@lindsayellis
I never really thought before about this idea that even by pirating an artist's work and consuming it, you were still increasing that work's cultural footprint (you called that "cultural capital", but that means something very different to me as a Bourdieu fan). Undeniably, by becoming familiar with a given work you are arithmetically increasing its cultural footprint, but I don't think it can be said that by increasing it's cultural footprint you are also arithmetically increasing that work's influence within culture.
You can read a book and be critical of it’s ideas. You can even thoroughly enjoy a book and be very critical of it’s ideas. Infamy is a type of fame. That's why think it's different from a car's emissions, where every meter releases greenhouse gazes, and every greenhouse gas particle released into the atmosphere brings the world closer to a global cataclysm.
Another point:
I have never seen a Chapelle show and I have never read a H.P. book, but it is my understanding that in a D.C. show transphobia is in the text, while in the H.P. franchise it is only in those book’s context. I think the distinction is important because IMO you can easily put yourself in the position of the naïve spectator of a text even when you are aware of a context that is abhorrent to you. Meanwhile, I think it is impossible to genuinely enjoy a text when you have to read around revolting ideas to find that enjoyment.

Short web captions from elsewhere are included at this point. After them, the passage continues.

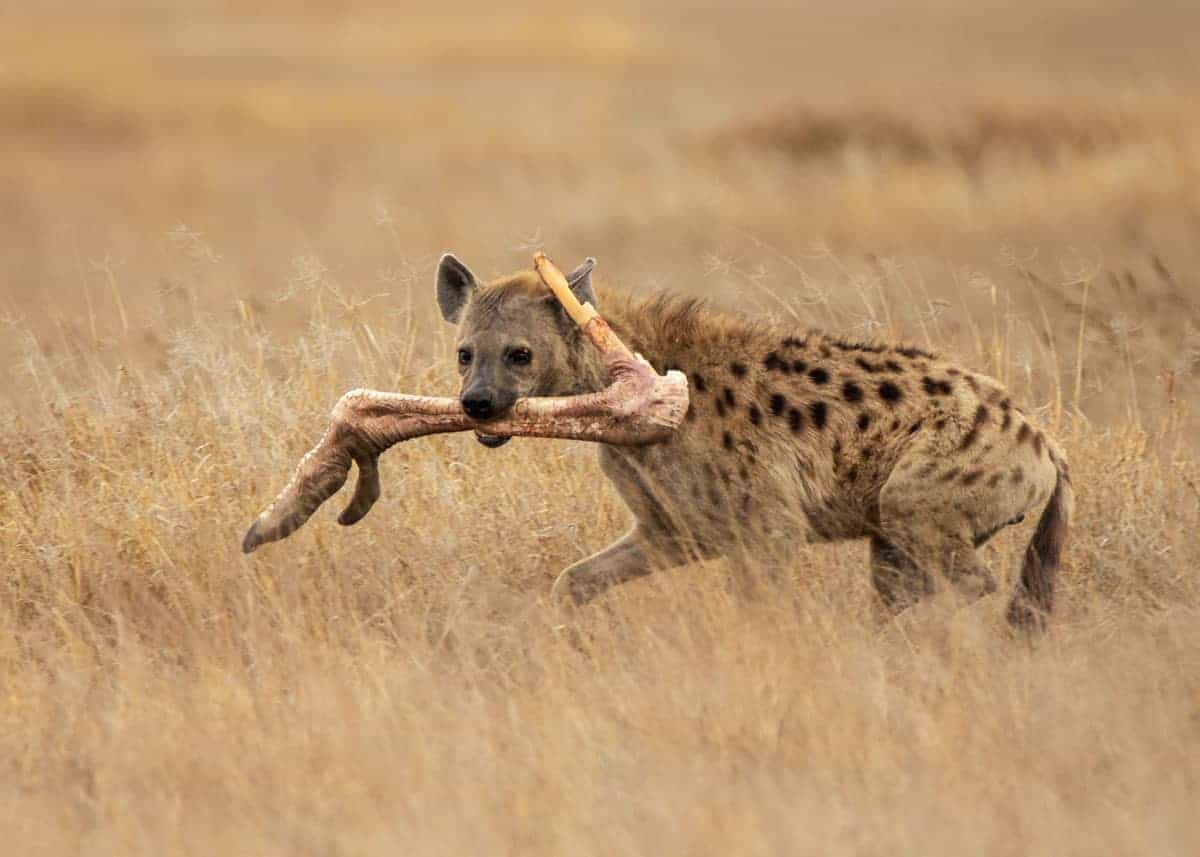 Hyena Diet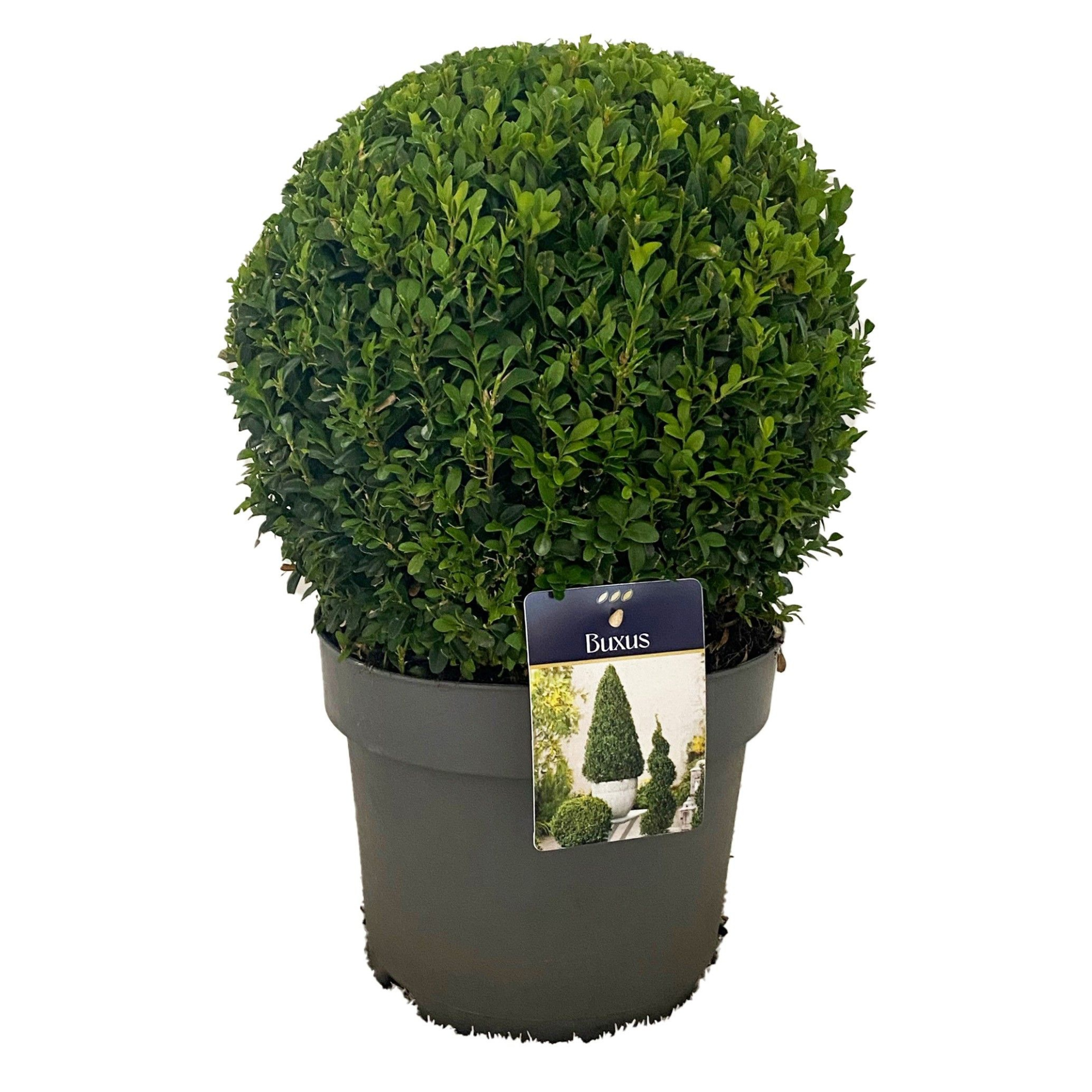 Buxus semp. Bol 30-35 cm c7.5/p24, D 24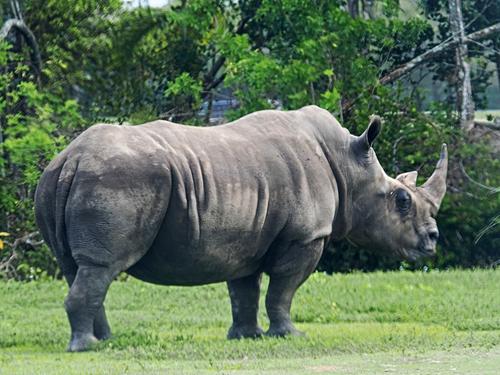 Southern white rhinoceros #3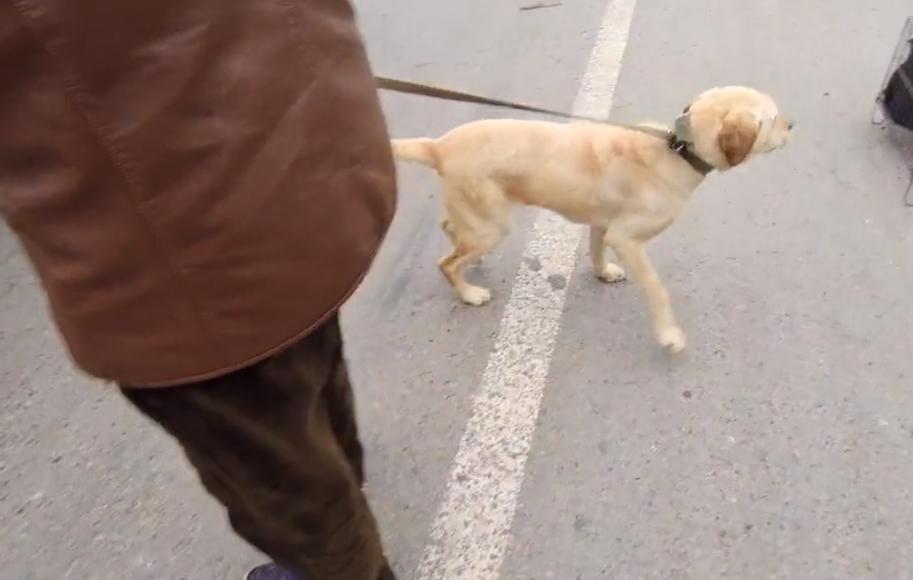 100斤拉布拉多被送到狗市售卖,100多斤的拉布拉多被主人卖了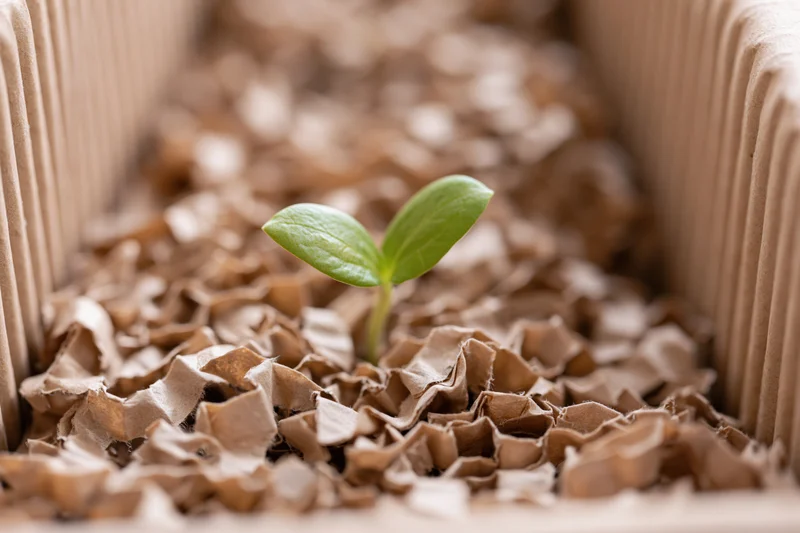 Small green seedling sprouting from crumpled brown paper inside a cardboard box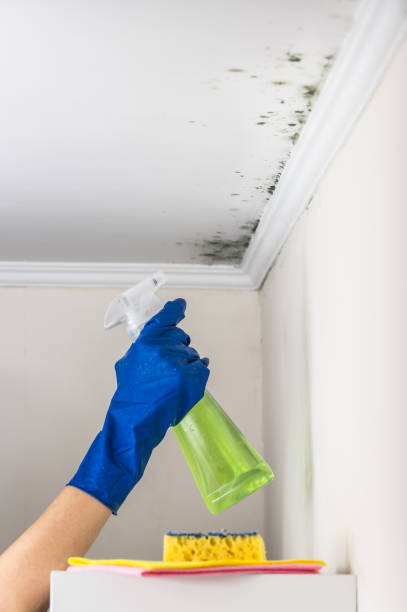 Best Professional Mold Removal  in Canadian, TX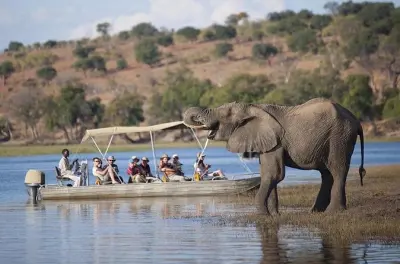 Chobe Safari from Livingstone: River Cruise & Game Drive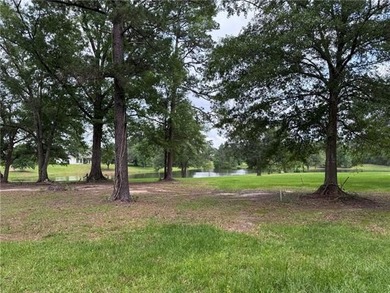 This Beautiful lot is one of a few available with a Water View - photo 1
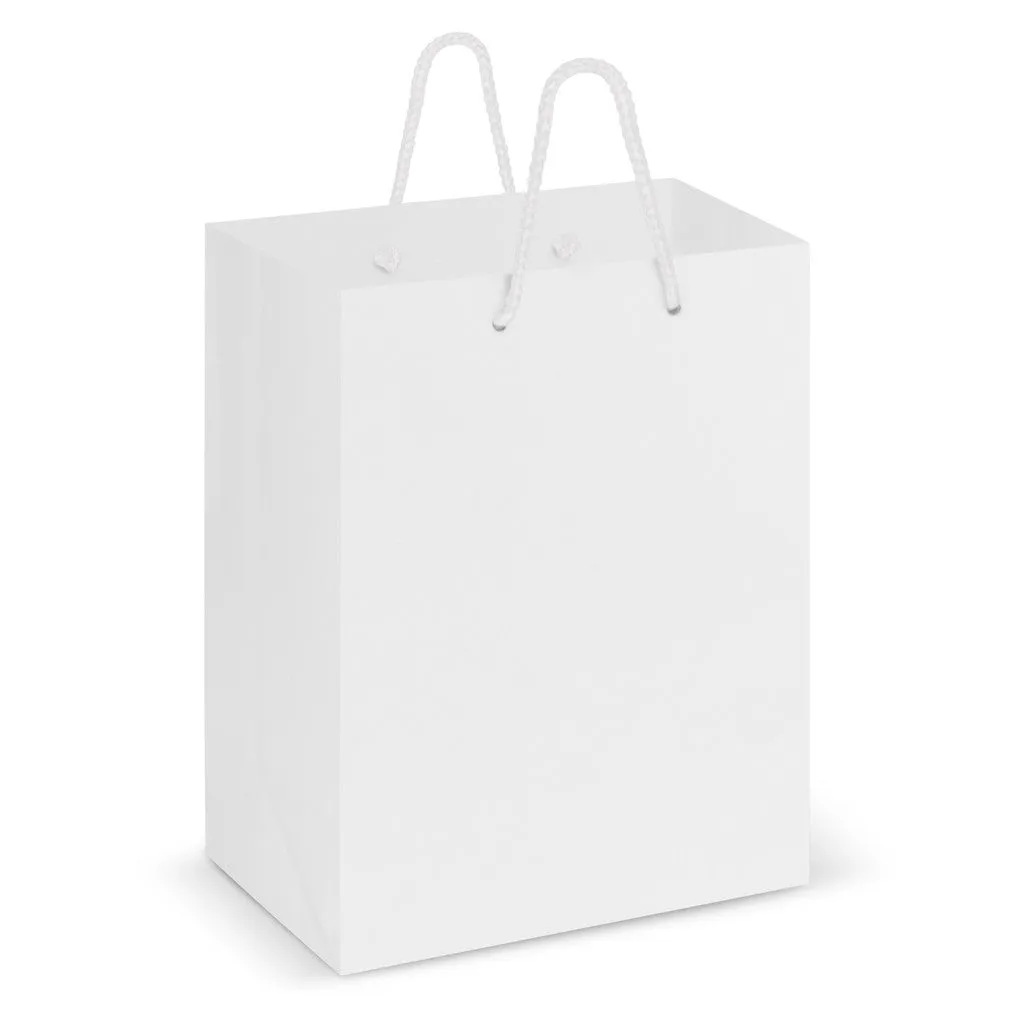 Stock Laminated Paper Carry Bag-Medium(SLP-03T)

Once again L.F. Céline is a perfect case study for this. I always come back to him because I am quite obsessed with his work and I have studied it quite intensely. He is by far my favourite author, and yet he was a man I would never in a million years have accepted to talk to or shake hands with.
His trilogy and "Travel to the end of the night" are books that changed my life and I believe universal literature is richer from these works and anyone who reads them is richer too. But I have also read his anti-Semitic pamphlets and I can't express enough how much those are books that will make you violently physically sick if you read them. Unless you are yourself a monster it should be physically impossible to find a single ounce of pleasure in reading those. And one of those books I won’t name is actually really brilliant and funny, and that makes it 100 times more sickening.
I don’t believe his anti-Semitic pamphlets should ever be edited along with his other books. They should only ever be edited in their own distinct collection, accompanied by an extensive, solid critical work by specialists and historians. Actually, If I could have my way they would never be sold to the public and would only ever be distributed to public libraries to be consulted on site.
Obviously I first got into his writing by reading his novels as a teenager, but even then I already knew about those book’s context – that they were written by a monster – ,and yet I fell in love with those novels all the same, and I genuinely don’t believe loving those texts and knowing about their context made me more complacent or indifferent to anti-Semitism in my life growing up.
P.D. English is not my first language so I most likely wrote a number of things in a weird manner. Sorry about that.